I know you are well-trained, intelligent people. I know that you have many people who depend on you every day.
Nontheless, Doctors, I'm not sure how I feel about being forgotten. I had expected to hear from you on Monday, so finally I called your office today to find out what I should be doing-- biopsy, waiting and observing, or just forgetting it all and going to Disneyland or possibly Fiji-- and I was told that my main doctor never even received the results from the ultrasound. Excuse me? I may not be worried, but I am distracted by all of this and would like it sorted sooner rather than later. I've got stuff to do, guys. Papers to write. Projects to work on. People to see! It is hard for me to focus on this with Burt and Cleveland just chillin' there, and not knowing what they will do next.

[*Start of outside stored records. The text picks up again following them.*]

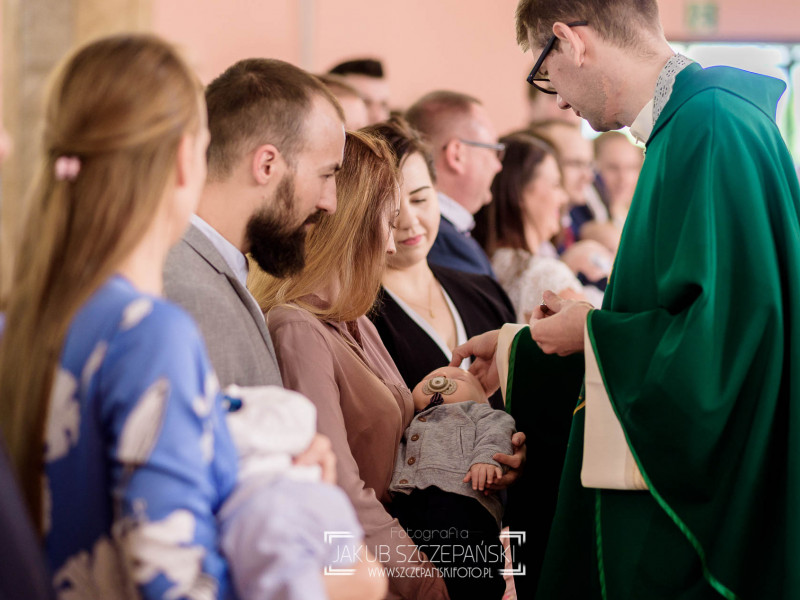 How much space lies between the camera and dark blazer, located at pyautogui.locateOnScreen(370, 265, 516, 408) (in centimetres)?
269

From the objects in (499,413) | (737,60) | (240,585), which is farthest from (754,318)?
(737,60)

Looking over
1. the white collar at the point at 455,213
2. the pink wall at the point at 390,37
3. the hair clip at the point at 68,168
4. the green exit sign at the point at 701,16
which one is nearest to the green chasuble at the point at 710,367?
the hair clip at the point at 68,168

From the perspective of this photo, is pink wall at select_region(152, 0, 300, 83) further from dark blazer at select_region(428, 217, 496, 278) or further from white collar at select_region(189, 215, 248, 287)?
white collar at select_region(189, 215, 248, 287)

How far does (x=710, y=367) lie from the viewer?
182cm

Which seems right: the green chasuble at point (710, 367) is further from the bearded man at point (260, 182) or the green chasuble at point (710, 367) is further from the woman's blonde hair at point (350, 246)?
the bearded man at point (260, 182)

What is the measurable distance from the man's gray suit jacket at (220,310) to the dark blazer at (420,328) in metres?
0.87

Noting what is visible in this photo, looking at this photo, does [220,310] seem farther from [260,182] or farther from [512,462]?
[512,462]

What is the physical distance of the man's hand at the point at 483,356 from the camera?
2486 millimetres

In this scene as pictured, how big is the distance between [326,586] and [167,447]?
1.45 feet

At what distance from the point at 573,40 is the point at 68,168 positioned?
4.35 ft

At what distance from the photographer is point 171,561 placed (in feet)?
3.66

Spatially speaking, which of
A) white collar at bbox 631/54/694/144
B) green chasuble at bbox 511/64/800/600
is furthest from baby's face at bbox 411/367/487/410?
white collar at bbox 631/54/694/144

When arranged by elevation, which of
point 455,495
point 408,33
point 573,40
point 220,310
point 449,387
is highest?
point 573,40

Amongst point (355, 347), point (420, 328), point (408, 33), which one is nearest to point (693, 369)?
point (355, 347) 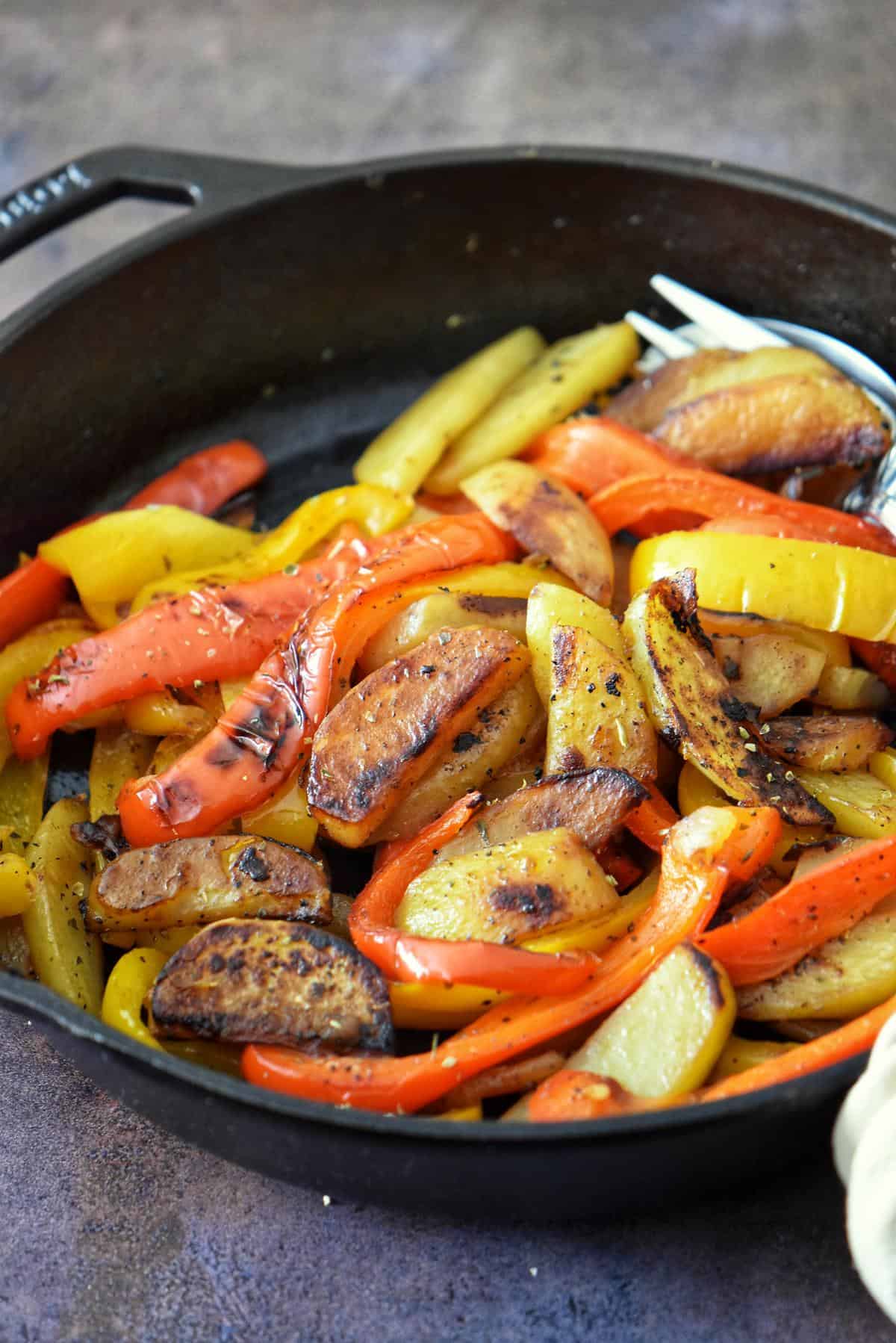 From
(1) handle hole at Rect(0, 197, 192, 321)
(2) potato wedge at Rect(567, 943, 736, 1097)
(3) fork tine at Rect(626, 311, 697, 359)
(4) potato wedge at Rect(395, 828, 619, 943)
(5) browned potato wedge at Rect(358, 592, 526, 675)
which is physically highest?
(1) handle hole at Rect(0, 197, 192, 321)

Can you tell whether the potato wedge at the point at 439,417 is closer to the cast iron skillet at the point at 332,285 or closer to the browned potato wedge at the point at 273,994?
the cast iron skillet at the point at 332,285

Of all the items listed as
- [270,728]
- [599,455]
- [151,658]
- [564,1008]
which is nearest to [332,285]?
[599,455]

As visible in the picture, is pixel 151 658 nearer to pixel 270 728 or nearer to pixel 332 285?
pixel 270 728

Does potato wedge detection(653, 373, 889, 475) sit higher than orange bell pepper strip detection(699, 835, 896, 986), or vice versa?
potato wedge detection(653, 373, 889, 475)

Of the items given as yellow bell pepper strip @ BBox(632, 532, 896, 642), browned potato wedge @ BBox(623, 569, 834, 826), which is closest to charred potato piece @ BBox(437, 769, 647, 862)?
browned potato wedge @ BBox(623, 569, 834, 826)

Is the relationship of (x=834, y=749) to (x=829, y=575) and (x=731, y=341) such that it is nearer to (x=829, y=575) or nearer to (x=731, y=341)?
(x=829, y=575)

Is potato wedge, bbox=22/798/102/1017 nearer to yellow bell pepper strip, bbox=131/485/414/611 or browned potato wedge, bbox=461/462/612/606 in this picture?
yellow bell pepper strip, bbox=131/485/414/611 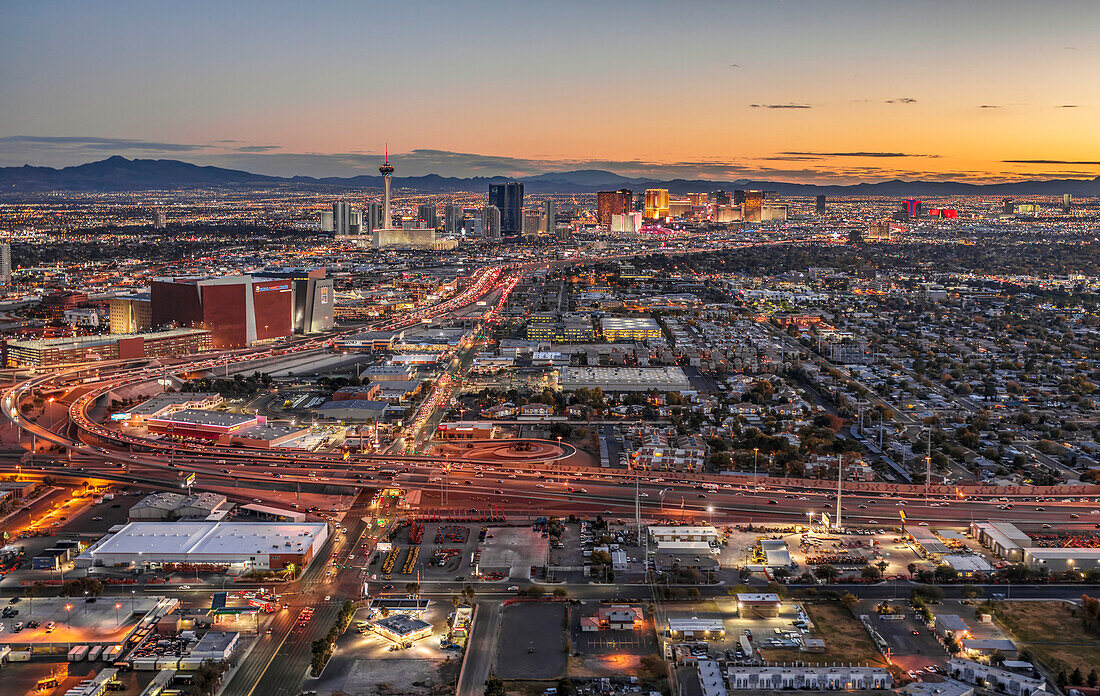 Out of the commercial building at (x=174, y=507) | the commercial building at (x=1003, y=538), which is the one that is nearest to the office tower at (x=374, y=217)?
the commercial building at (x=174, y=507)

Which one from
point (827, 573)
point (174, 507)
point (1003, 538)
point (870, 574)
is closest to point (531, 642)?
point (827, 573)

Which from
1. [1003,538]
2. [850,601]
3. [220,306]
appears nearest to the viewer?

In college, we're all about planning for the long term. I want to make some plans here, Doctors! If surgery is a good idea sooner rather than later, I need to get the ball rolling from an academic standpoint. If it's an over-the-summer kind of deal, I need to talk to my employers. I know we're all busy here, but please, I'm feeling out of the loop on my health!
I think maybe I should be thanking you for something, though. Thank you for making it apparent early on that I need to be pro-active about my health, that I'm the only one I can rely on for this. Doctors have many patients, and I cannot expect them to be more than human.
I can, however, expect myself to be on top of things.